_Brief_
When you write out the listing, keep every word as it stands and drop the pictures.

_Available data_
*** Begin section ***
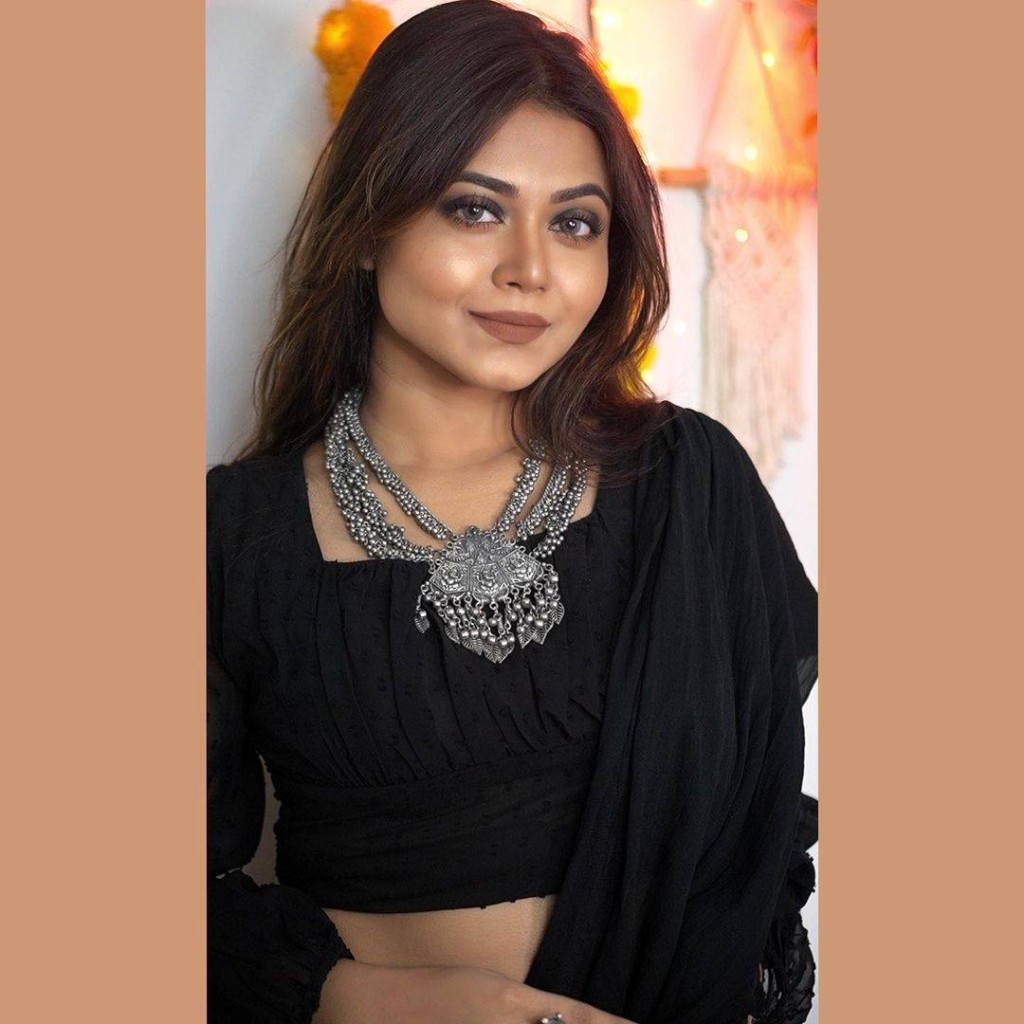 Lakshmi Profile image 2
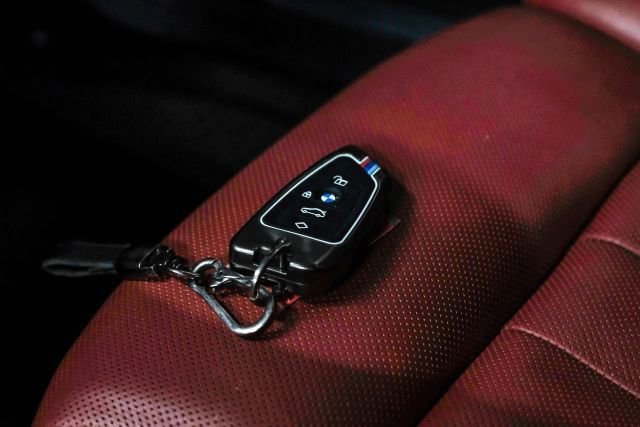 Used 2018 BMW M760i xDrive image 65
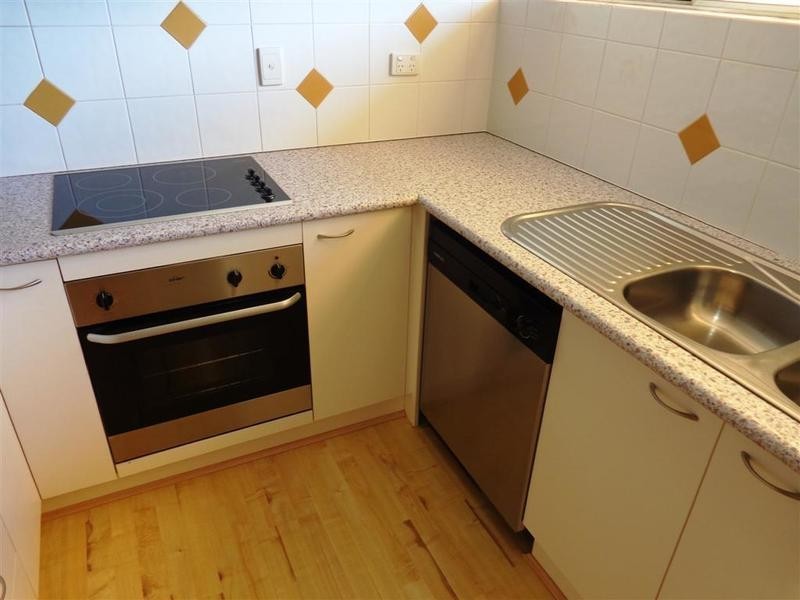 4/19 Norman Crescent, Norman Park QLD 4170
*** End section ***
_Response_
 Lakshmi Profile image 2
 Used 2018 BMW M760i xDrive image 65
 4/19 Norman Crescent, Norman Park QLD 4170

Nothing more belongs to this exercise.